My school has a wonderful math culture. Students are excited for math class and many enjoy solving problems and puzzles.We are not perfect of course, but we have a strong foundation. I always wish that I had more tasks for them to work on.
In the past, my school has had monthly math problems for students to work on independent of their course work, but this practice has fallen by the wayside in recent years. This spring, I discovered Joey Kelly and Xi Yu's Play With Your Math problems and was inspired to make my own version: "Fay With Your Math".I got Joey and Xi's permission to use a similar format and to use my school's name as a pun of their title. My students really liked their problems and will definitely recognize the reference. I set a goal of preparing nine problems this summer. I will share them on the blog as I finish them.
I looked for problems that are simple to explain and understand but are more challenging to answer. I am particularly interested in questions where the challenge is in determining when all solutions or possibilities have been found or when the goal is to maximize or minimize. These questions tend to have a wide range of access points (you can find 1 solution) and a high ceiling (you can reason about ALL solutions/conditions).
These questions are designed for students in grades 3 to 6 -- skewed towards 5th and 6th graders. In the past, parents and older students have solved similar challenges as well, and I am hopeful that will continue.
There is no academic requirement to try these problems and there will not be an academic reward for completing them. Solving math problems is fun on its own! Not all students will attempt these puzzles, but I do not want to set up a relationship where students complete math problems specifically for rewards.
I do, though, want to motivate solvers to provide an explanation for their solutions and the strategies they used to solve each problem. For this, I am going to offer prizes (mostly candy) to the "most-thorough" explanations. I will offer separate prizes for different grade levels and provide guidance on what I am looking for in terms of "most-thorough" explanation.
I am going to claim a bulletin board for the year and display each question as a poster. I can also use this space to provide details about what makes a thorough explanation and to show off explanations for earlier problems. I will also make a little slot where I can post printable versions of the problems for students to grab.
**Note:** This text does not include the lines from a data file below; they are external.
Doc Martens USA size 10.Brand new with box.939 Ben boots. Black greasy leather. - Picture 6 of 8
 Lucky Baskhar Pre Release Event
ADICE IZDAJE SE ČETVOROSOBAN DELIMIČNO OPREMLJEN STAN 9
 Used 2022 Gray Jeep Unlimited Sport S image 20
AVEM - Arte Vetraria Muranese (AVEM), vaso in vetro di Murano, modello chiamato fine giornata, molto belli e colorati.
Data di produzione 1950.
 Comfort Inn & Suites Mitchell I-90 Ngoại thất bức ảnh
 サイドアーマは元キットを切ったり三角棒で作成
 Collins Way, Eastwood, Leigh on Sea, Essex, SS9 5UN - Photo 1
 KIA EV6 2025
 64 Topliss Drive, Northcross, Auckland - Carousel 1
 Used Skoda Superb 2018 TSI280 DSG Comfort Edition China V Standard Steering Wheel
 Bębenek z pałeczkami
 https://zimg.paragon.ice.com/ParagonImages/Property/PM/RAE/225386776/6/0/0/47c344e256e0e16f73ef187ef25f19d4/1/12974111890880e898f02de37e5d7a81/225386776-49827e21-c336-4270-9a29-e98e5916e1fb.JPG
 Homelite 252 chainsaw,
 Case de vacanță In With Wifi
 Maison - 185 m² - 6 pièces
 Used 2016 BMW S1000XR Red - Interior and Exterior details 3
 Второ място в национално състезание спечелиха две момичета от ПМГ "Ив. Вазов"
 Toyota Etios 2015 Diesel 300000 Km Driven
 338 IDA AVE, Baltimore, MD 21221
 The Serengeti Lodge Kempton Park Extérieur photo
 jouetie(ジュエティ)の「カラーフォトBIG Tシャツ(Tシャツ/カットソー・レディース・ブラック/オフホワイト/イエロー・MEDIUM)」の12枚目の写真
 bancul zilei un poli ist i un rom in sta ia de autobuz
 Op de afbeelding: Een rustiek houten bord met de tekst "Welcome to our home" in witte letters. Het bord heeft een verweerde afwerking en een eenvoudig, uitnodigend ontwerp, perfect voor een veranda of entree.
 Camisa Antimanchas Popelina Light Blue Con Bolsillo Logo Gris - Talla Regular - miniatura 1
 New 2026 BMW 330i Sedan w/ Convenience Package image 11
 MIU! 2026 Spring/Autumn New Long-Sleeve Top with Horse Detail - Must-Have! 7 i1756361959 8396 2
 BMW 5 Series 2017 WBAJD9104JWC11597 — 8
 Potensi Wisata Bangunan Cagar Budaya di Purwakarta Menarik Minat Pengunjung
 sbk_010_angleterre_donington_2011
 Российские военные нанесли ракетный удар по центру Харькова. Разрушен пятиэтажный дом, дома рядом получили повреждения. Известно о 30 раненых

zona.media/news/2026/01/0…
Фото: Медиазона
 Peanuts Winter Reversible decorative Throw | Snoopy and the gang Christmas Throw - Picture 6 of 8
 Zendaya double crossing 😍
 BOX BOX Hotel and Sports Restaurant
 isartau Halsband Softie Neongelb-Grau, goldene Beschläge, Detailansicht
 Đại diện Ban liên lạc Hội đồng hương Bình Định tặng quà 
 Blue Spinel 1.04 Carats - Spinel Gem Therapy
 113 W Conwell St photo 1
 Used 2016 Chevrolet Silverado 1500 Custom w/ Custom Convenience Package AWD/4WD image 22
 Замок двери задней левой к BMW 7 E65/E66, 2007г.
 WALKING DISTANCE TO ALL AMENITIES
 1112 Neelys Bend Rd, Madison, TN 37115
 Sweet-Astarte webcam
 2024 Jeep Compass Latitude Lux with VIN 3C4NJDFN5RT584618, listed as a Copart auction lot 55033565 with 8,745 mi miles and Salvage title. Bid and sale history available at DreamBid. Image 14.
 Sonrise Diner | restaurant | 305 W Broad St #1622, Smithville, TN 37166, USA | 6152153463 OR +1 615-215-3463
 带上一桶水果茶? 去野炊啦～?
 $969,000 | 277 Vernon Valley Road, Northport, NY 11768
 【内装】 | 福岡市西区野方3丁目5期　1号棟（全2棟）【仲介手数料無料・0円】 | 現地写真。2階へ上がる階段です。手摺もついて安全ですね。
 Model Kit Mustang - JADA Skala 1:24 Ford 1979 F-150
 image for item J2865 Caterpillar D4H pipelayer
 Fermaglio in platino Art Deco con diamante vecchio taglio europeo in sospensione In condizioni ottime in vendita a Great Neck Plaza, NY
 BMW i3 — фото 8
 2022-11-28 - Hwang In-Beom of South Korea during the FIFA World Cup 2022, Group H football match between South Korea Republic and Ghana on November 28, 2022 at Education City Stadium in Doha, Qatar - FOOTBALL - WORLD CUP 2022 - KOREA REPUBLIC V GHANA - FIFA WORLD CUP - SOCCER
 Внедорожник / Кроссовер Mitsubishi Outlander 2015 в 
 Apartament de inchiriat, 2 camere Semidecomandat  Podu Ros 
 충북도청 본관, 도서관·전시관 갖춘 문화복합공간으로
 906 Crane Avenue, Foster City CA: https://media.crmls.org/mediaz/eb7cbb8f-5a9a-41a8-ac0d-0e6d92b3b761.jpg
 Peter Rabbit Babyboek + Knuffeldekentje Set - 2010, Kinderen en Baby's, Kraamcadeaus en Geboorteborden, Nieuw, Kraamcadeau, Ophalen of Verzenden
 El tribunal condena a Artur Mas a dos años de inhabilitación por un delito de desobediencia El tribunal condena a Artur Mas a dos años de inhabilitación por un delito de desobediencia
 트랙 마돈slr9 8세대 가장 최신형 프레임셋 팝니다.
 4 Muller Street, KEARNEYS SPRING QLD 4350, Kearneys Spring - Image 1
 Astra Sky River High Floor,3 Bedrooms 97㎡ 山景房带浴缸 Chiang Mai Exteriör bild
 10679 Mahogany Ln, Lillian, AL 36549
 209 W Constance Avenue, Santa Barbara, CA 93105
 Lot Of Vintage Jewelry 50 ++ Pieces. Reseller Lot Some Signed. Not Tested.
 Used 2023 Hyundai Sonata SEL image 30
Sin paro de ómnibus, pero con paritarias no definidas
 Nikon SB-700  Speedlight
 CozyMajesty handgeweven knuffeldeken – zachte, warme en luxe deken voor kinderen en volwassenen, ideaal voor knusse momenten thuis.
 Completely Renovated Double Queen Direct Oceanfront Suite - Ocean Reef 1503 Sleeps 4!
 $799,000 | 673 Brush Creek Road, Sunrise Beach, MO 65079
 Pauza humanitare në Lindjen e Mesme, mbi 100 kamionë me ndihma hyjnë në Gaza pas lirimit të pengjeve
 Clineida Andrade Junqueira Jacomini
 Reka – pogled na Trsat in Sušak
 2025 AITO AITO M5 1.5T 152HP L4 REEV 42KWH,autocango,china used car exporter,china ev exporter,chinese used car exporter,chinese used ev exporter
A long-term goal is to set up a website like playwithyourmath.com, but I'm not going to work on that until I have a bunch of other summer work done. Okay...let's get to the first problem: Subtraction Towers:I chose Subtraction Towers as the first problem because it is quite accessible to younger students. The only mandatory background knowledge is whole-number subtraction. I want to get them hooked early. It seems so easy to find a tower that works, but it can be quite tricky, especially once you try 4 or more rows. I have also used this questions with students in the past and they have enjoyed it very much. So, I wanted to begin with something I feel confident will work.
I also enjoyed revisiting this problem now that I have learned some of the basics of Python. I was able to write a program that can solve this for n-rows.I would be happy to share the program, but I don't want to post it here until I have finished using this question with my students. My students are too good at googling to post a solution on a website linked to my name. Hit me up on twitter (@mathfireworks) if you want to see my solution sooner. Though, the processing time of for solutions with greater than 5 rows quickly jumps into days not hours.
If you want to use this task, here is a PDF with two copies per page. Cut down the middle and have fun!
Subtraction Towers is fantastic for getting young students to practice their subtraction facts. While not technically a game and not quite in Dan Meyer's Asprin/Headache categories, it does take a task that is boring (practicing single-digit subtraction) and provide students with motivation for wanting to do it. This might also make a fun first-day task with older students, though I like to have more discussion and group work in my first day.